Level 3 – Automated Internal Reporting

Efficient, consistent production

Automated Internal Reporting: 

  • Analytic motive is focused on consistent, efficient production of reports supporting basic management and operation of the healthcare organization.
  • Key performance indicators are easily accessible from the executive level to the front-line manager.
  • Corporate and business unit data analysts meet regularly to collaborate and steer the EDW.
  • Data governance expands to raise the data literacy of the organization and develop a data acquisition strategy for Levels 4 and above.

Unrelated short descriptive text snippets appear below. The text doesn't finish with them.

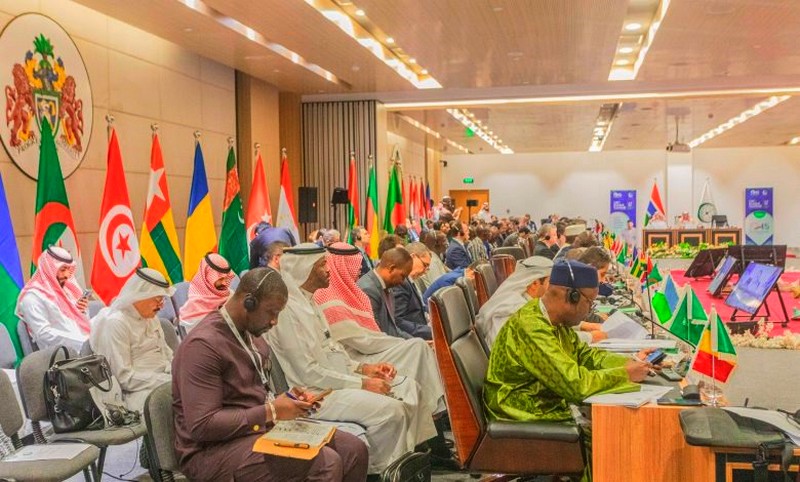 Des hauts responsables des États membres se réunissent pour préparer le sommet de l'OCI en Gambie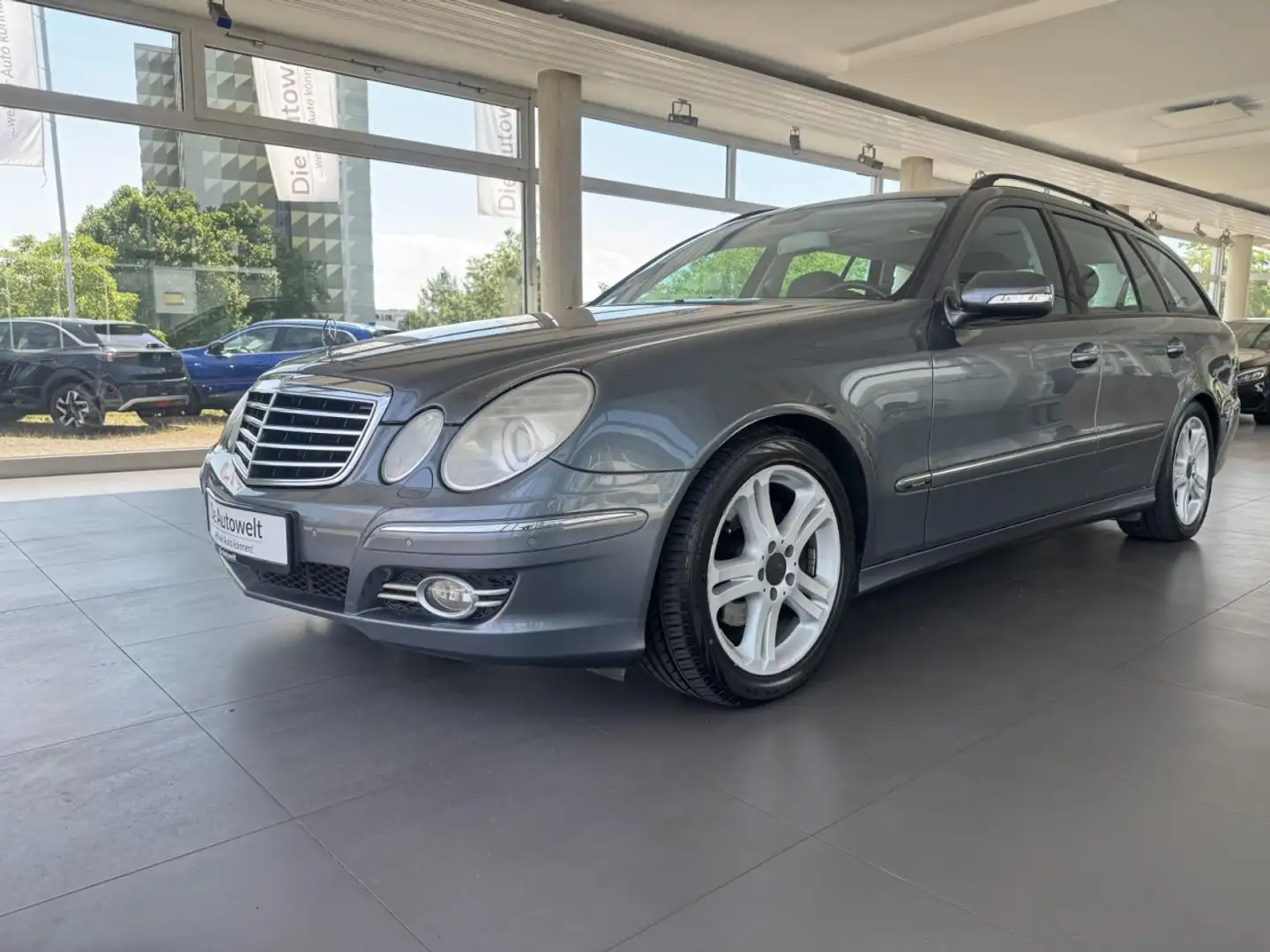 Mercedes-Benz E 220 T CDI AUT SCHIEBEDACH KLIMAAUT NAVI SHZG Grau - 2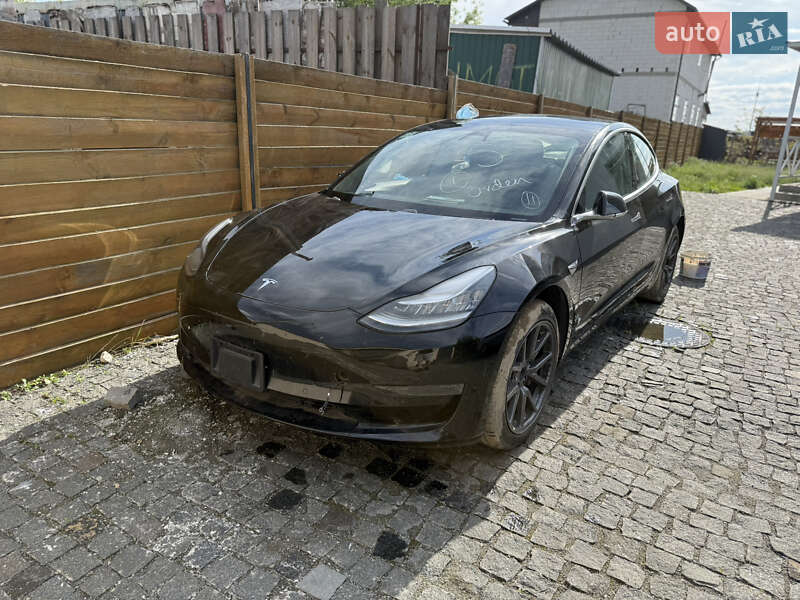 Tesla Model 3 2020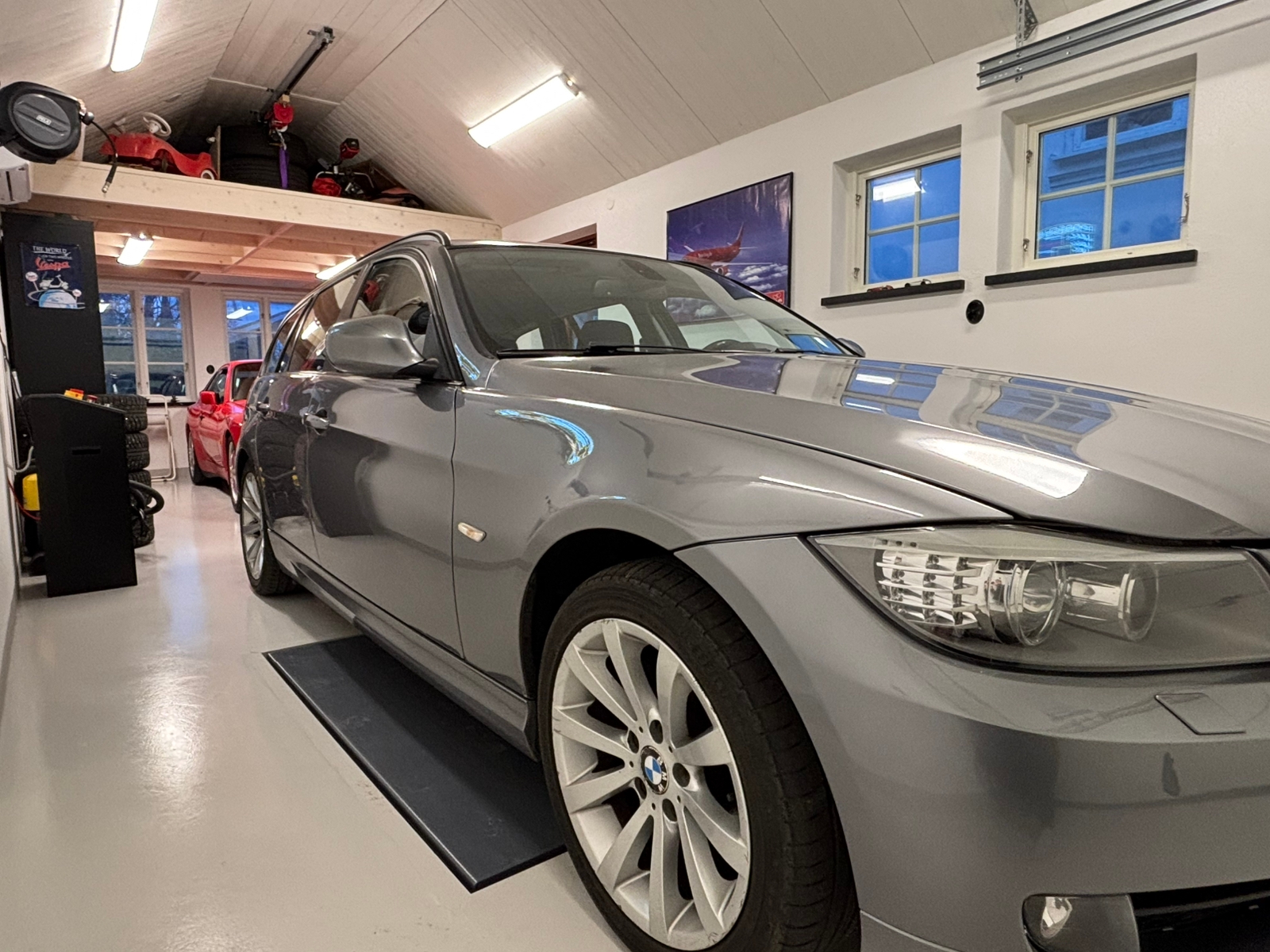 BMW 320 d Touring Manuell 2011, bild 3/10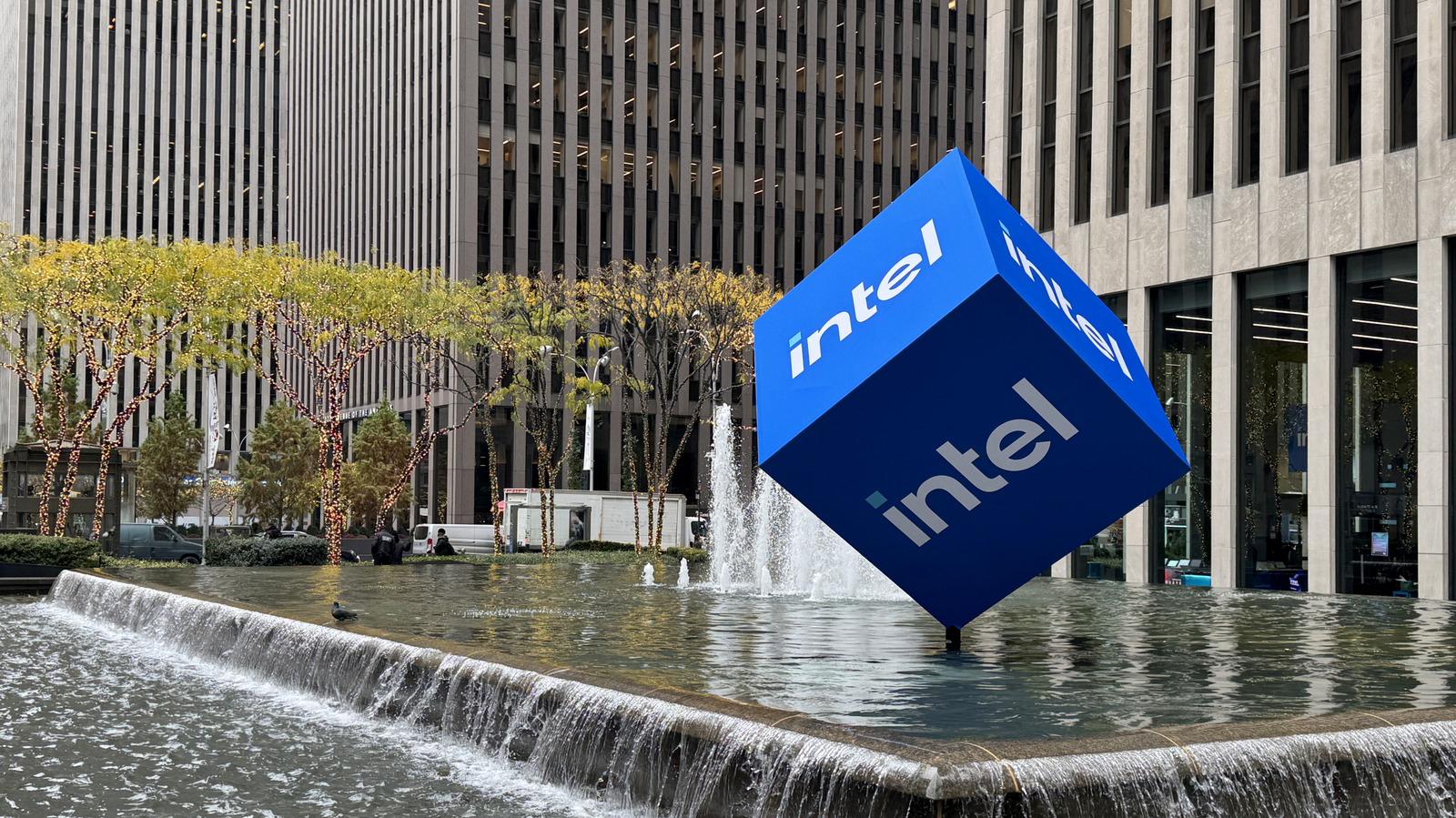 Intel avrebbe firmato un accordo preliminare per produrre chip per Apple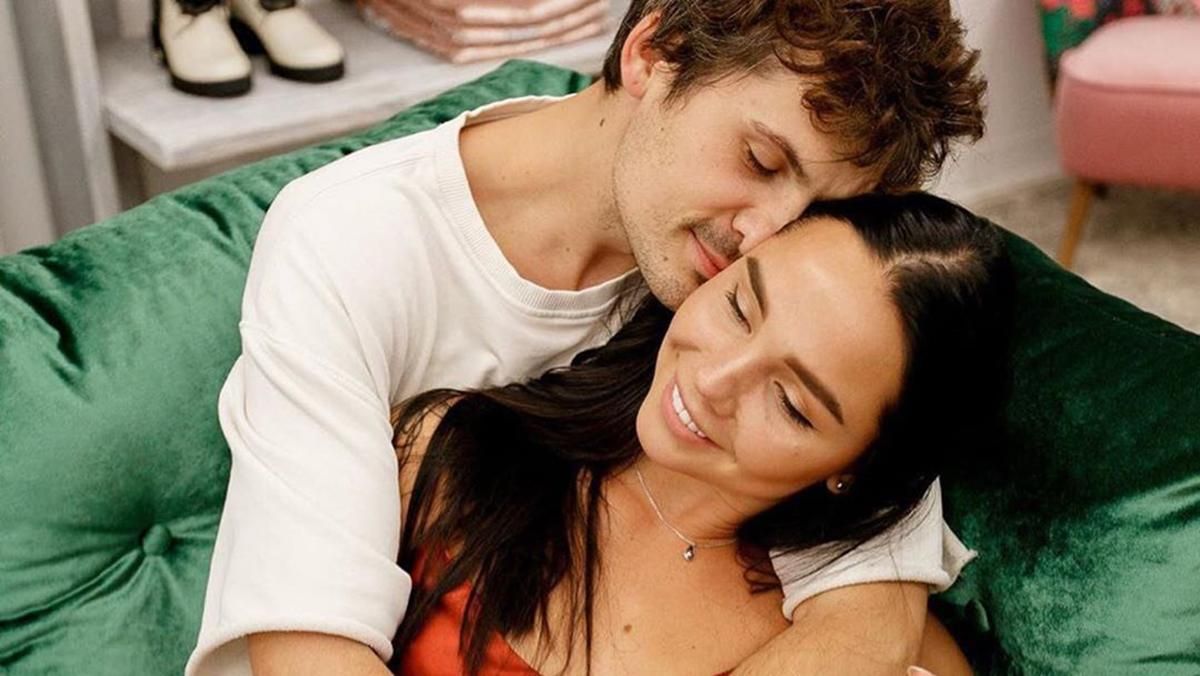 Танцівник Євген Кот зачарував мережу романтичними знімками з дружиною Танцівник Євген Кот зачарував мережу романтичними знімками з дружиною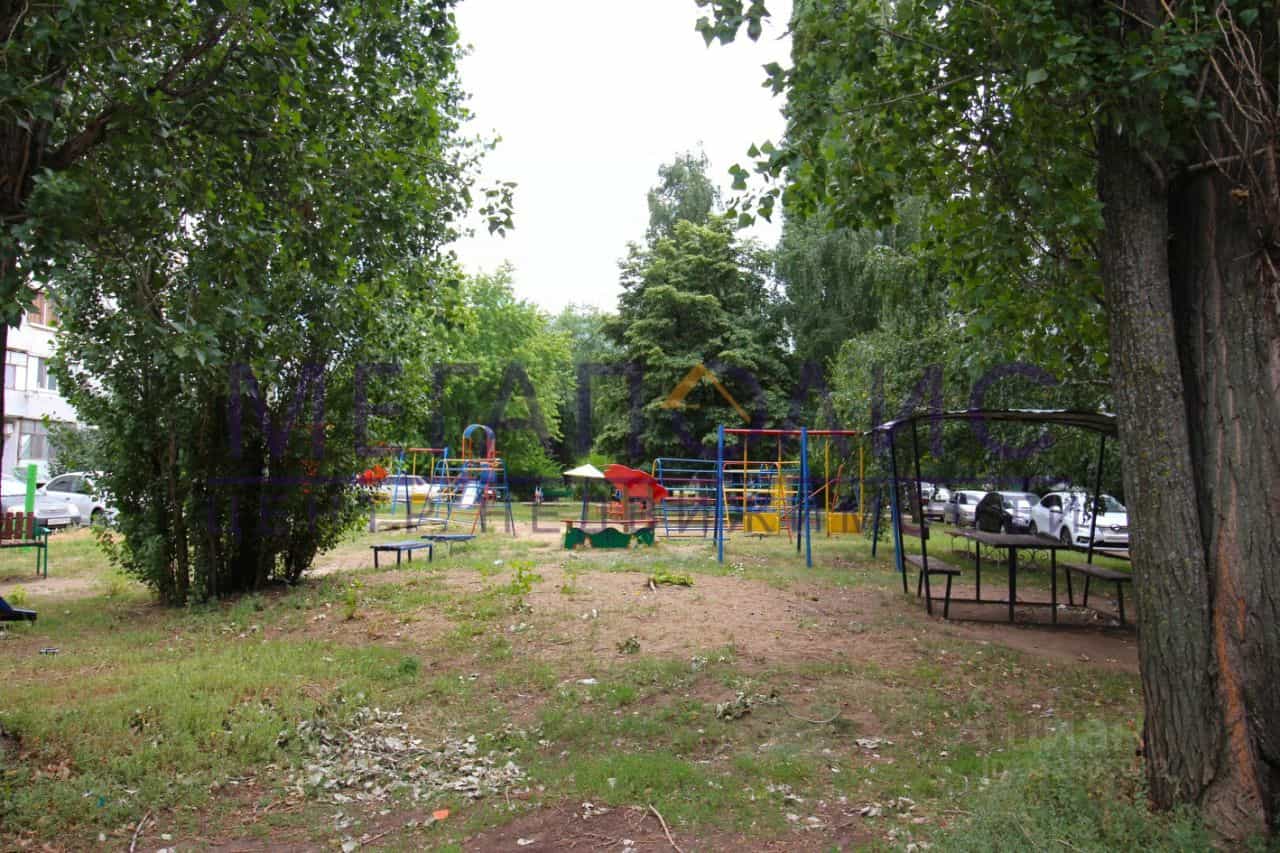 Россия, Саратовская область, Балаково, Трнавская улица, 36/6, фото 16
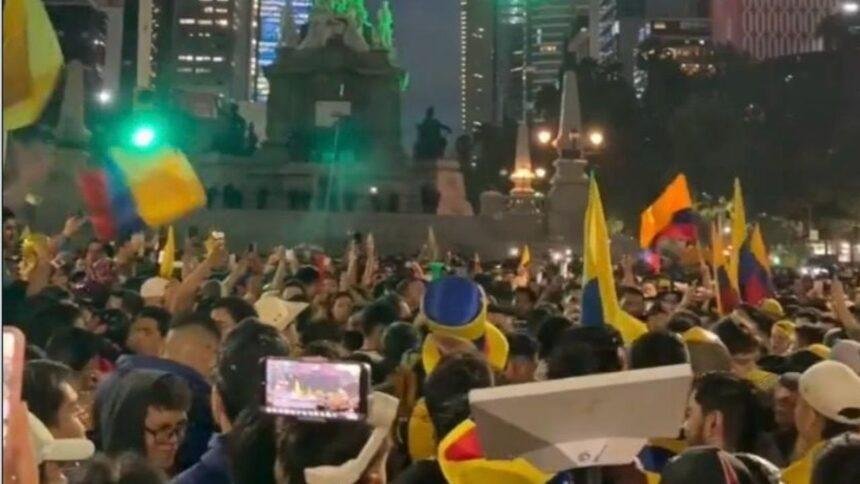 Aficionados colombianos celebran con alegría en el Ángel de la Independencia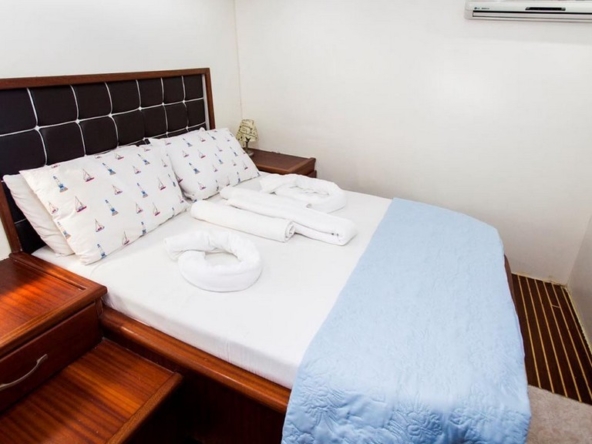 Sirena Gulet ile Adriyatik’te Split çıkışlı özel mavi yolculuk deneyimi. 5 kabin, 10 kişilik konfor ve profesyonel mürettebatla unutulmaz bir tatil sizi bekliyor.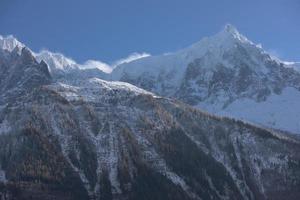 Blick auf die Berglandschaft foto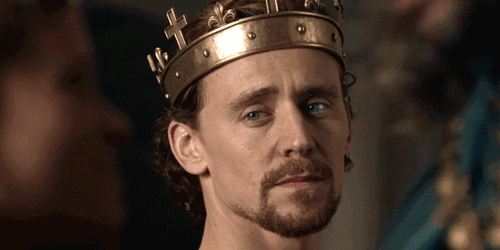 拉塞尔 · 柯克权力如浮影游墙,即便矮小之人,也能投射出巨大的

Level 2 – Standardized Vocabulary & Patient Registries

Relating and organizing the core data

Standardized Vocabulary & Patient Registries:

  • Master vocabulary and reference data identified and standardized across disparate source system content in the data warehouse.
  • Naming, definition, and data types are consistent with local standards.
  • Patient registries are defined solely on ICD billing data.
  • Data governance forms around the definition and evolution of patient registries and master data management.

Level 1 – Enterprise Data Warehouse

Foundation of data and technology

Enterprise Data Warehouse:  

  • At a minimum, the following data are co-located in a single data warehouse, locally or hosted: HIMSS EMR Stage 3 data, Revenue Cycle, Financial, Costing, Supply Chain, and Patient Experience.
  • Searchable metadata repository is available across the enterprise.
  • Data content includes insurance claims, if possible.
  • Data warehouse is updated within one month of source system changes.
  • Data governance is forming around the data quality of source systems.
  • The EDW reports organizationally to the CIO.